Snapshots are truncated after each migration because they contain pre-computed state derived from the old event format. The backend will lazily rebuild snapshots from the migrated journal on the next read.

Compile-Time Safety: Exhaustive Migrations

One of the biggest risks with event migration is forgetting to handle an event variant. If your old event type has 5 cases and your migration only transforms 4, the 5th will crash at runtime — potentially corrupting your journal or losing data.

Edomata prevents this at compile time. The typed migration factory takes a transform: A => B function — a total function over type A. When A is a sealed enum (as all well-designed event types should be), Scala 3's exhaustivity checker ensures every case is handled:

enum EventV1:
case Created(name: String)
case Updated(name: String)
case Deleted // ← added later

val migration = EventMigration[EventV1, EventV2]("001", "...")(
decode = ...,
transform = {
case EventV1.Created(n) => EventV2.Created(n, email = "")
case EventV1.Updated(n) => EventV2.Updated(n, email = None)
// COMPILE ERROR: match may not be exhaustive.
// It would fail on pattern case: EventV1.Deleted
},
encode = ...
)

With sbt-typelevel (used by Edomata), this warning is promoted to a fatal compilation error. Your project will not compile until every event variant is handled.

What this means in practice

  • Incomplete migrations are impossible to deploy — the compiler catches them before they reach production
  • Old event types must remain as sealed enums in your codebase until the migration has run in all environments (dev, staging, production)
  • Once deployed everywhere, you can safely delete the old types

Tip: Keep old event types in a dedicated migrations package to make it clear they exist only for migration purposes and can be cleaned up later.

Without the typed factory

If you use the raw EventMigration(version, description, run) constructor directly (operating on JSON strings), you lose this compile-time guarantee. Always prefer the typed factory EventMigration[A, B](version, description)(decode, transform, encode) to benefit from exhaustivity checking.

Best Practices

  1. Use sequential version strings"001", "002", "003". They are identifiers, not sorted — order comes from list position.

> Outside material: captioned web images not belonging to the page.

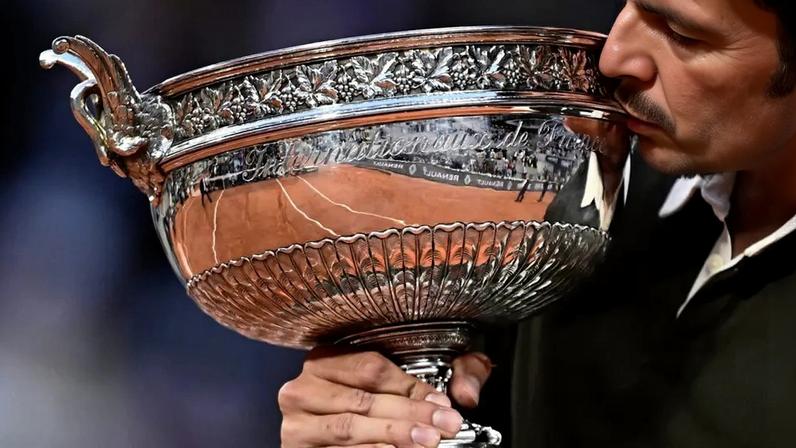 O espanhol Carlos Alcaraz beija o troféu de Roland Garros (Foto: JULIEN DE ROSA / AFP)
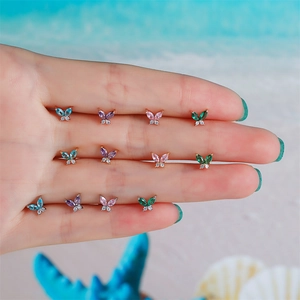 Detailed macro view of four butterfly stud earrings with colorful zircon inlay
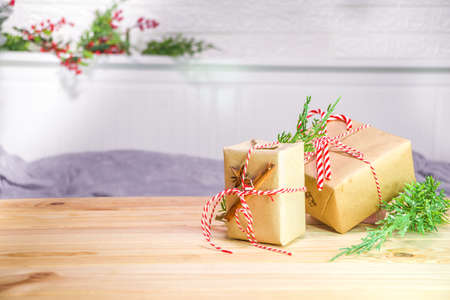 Christmas gift boxes on wooden table in festive decorated room background copy spaceの写真素材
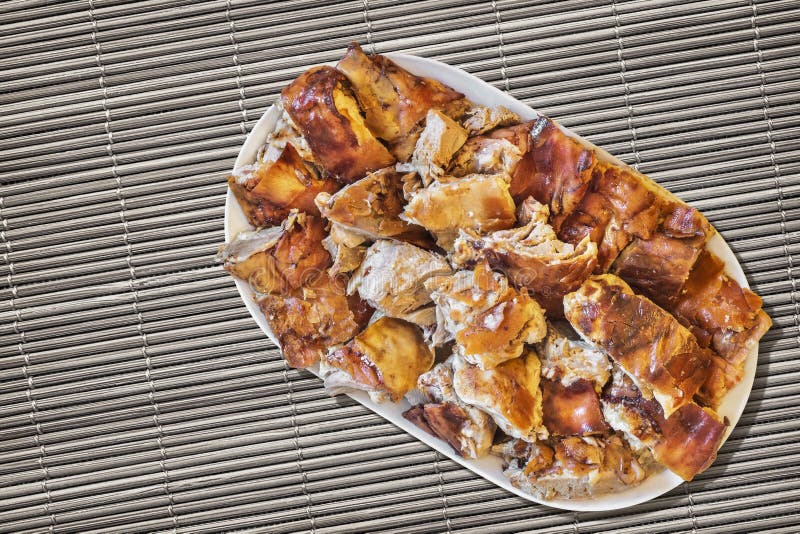 Plateful зажаренных в духовке вертелом кусков свинины установленных на поверхность Grunge циновки места соломы стоковое фото rf Plateful зажаренных в духовке вертелом кусков свинины установленных на поверхность Grunge циновки места соломы стоковое фото rf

  2. One migration per schema change — Don't bundle unrelated changes. Each migration should have a clear, single purpose.

  3. Test migrations locally first — Run against a copy of your production data before deploying.

  4. Back up your database — Before running migrations in production, always take a backup. Migrations rewrite journal payloads in-place.

  5. Keep old event types until fully deployed — The compile-time exhaustivity guarantee requires the old sealed enum to exist. Delete it only after all environments have run the migration.

  6. Use the same serialization library — If your events are stored with Circe, decode with Circe. Don't mix serialization libraries in a single migration.

Full Example

See examples/src/main/scala/MigrationExample.scala for a complete working example showing V1 → V2 → V3 event evolution with automatic migrations.